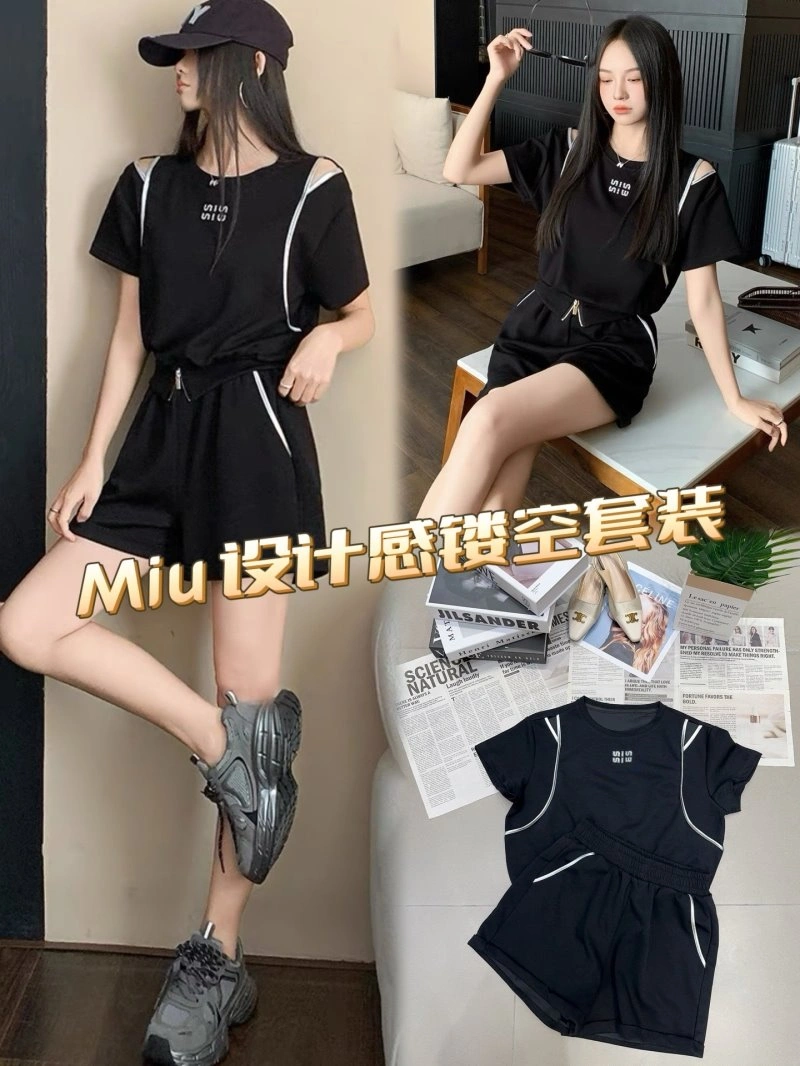 DailyWear Miu Miu Short Suits 151131
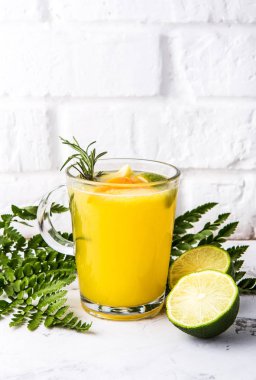 beyaz duvar arka plan cam bardakta Limonlu sıcak limonlu çay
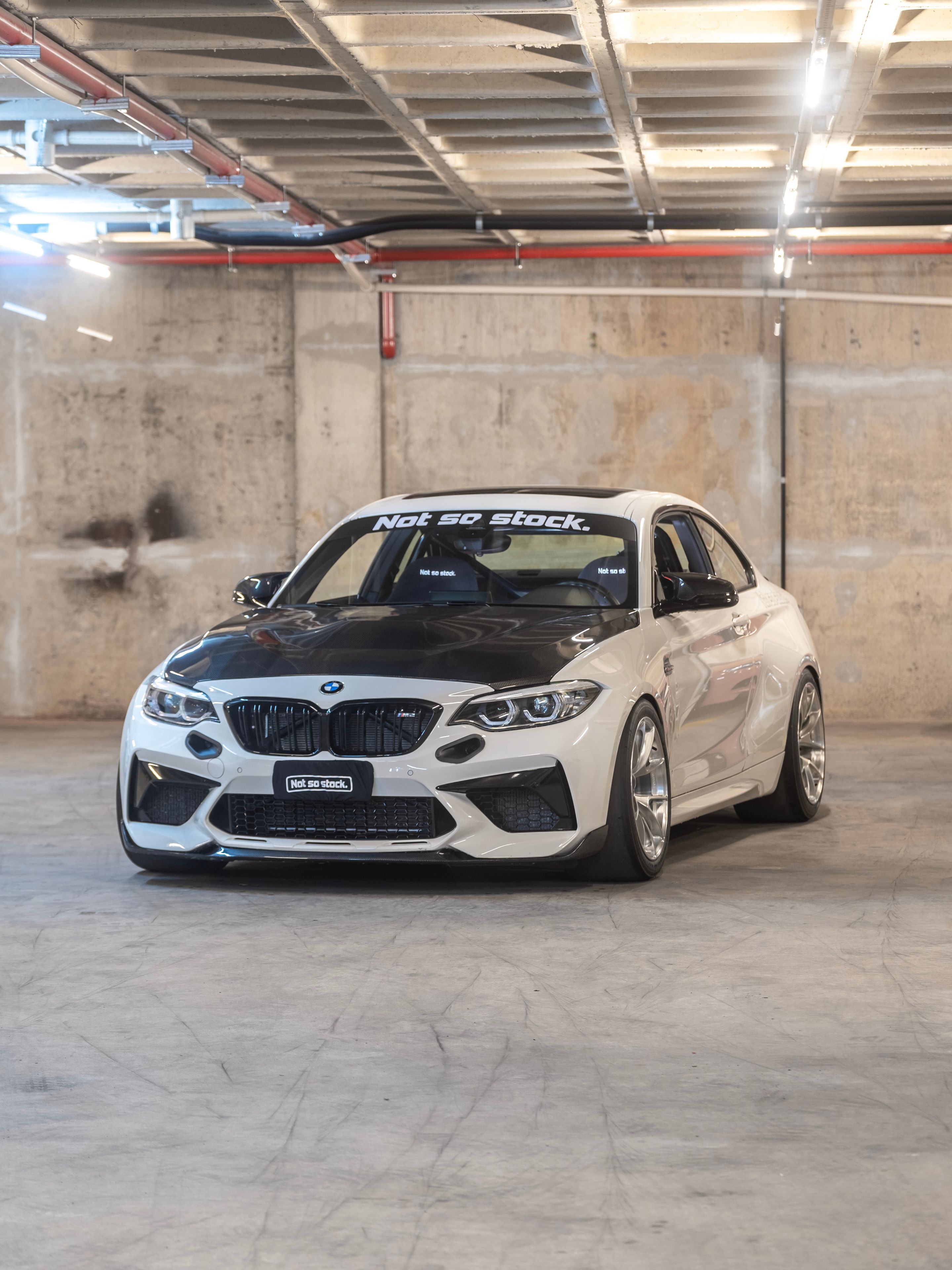 White BMW F87 M2 with 18" VS-5RS Apex wheels in Brushed Clear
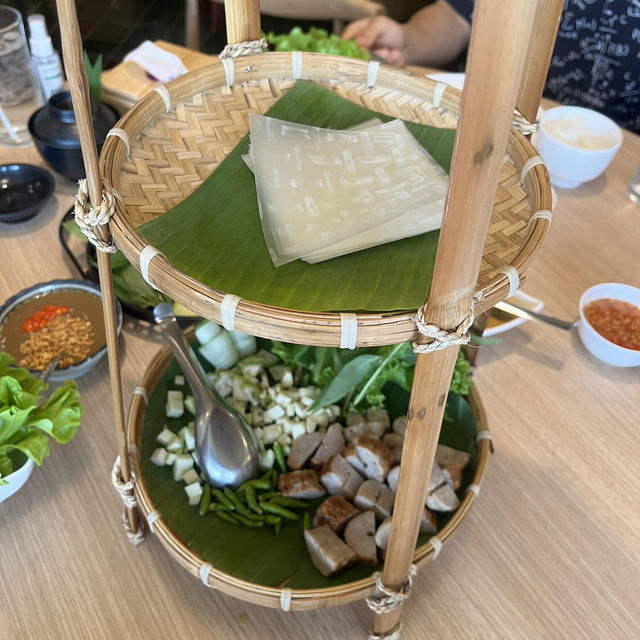 พิกัดร้านอาหารลาว ญวน✨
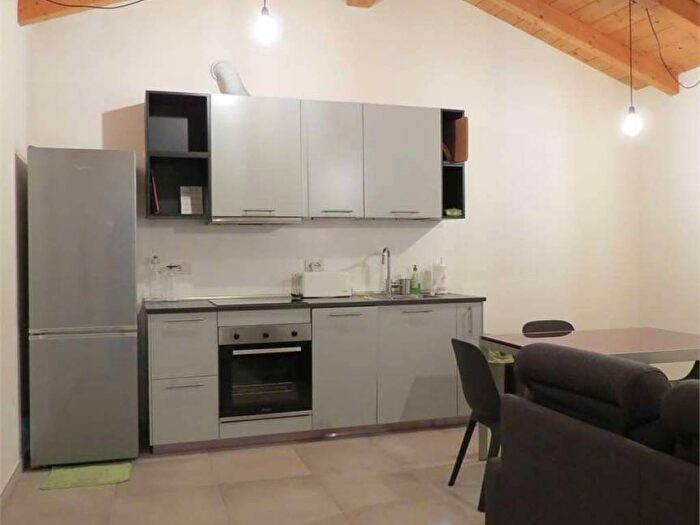 Appartamento bilocale in affitto in Via Pastrengo, Como Sole, Como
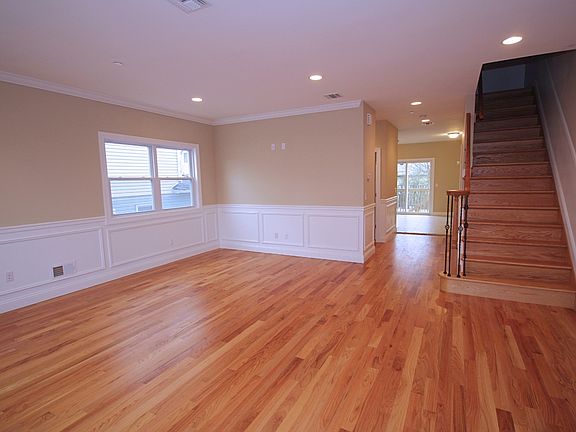 3rd image of 1191 Olympia Blvd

□ □ □

_What you are asked to do_
Where the line containing "White BMW F87" appears, begin writing out the lines word for word, and continue through the last line of the data, leaving out pictures.

_Final answer_
 White BMW F87 M2 with 18" VS-5RS Apex wheels in Brushed Clear
 พิกัดร้านอาหารลาว ญวน✨
 Appartamento bilocale in affitto in Via Pastrengo, Como Sole, Como
 3rd image of 1191 Olympia Blvd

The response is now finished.